** Opening DATASET CONTENT block **

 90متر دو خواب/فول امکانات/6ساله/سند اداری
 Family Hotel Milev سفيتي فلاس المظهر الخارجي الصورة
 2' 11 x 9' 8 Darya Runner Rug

** Closing DATASET CONTENT block **

**PROBLEM**
Please copy the data above in its entirety, exactly as written.

**ANSWER**
 90متر دو خواب/فول امکانات/6ساله/سند اداری
 Family Hotel Milev سفيتي فلاس المظهر الخارجي الصورة
 2' 11 x 9' 8 Darya Runner Rug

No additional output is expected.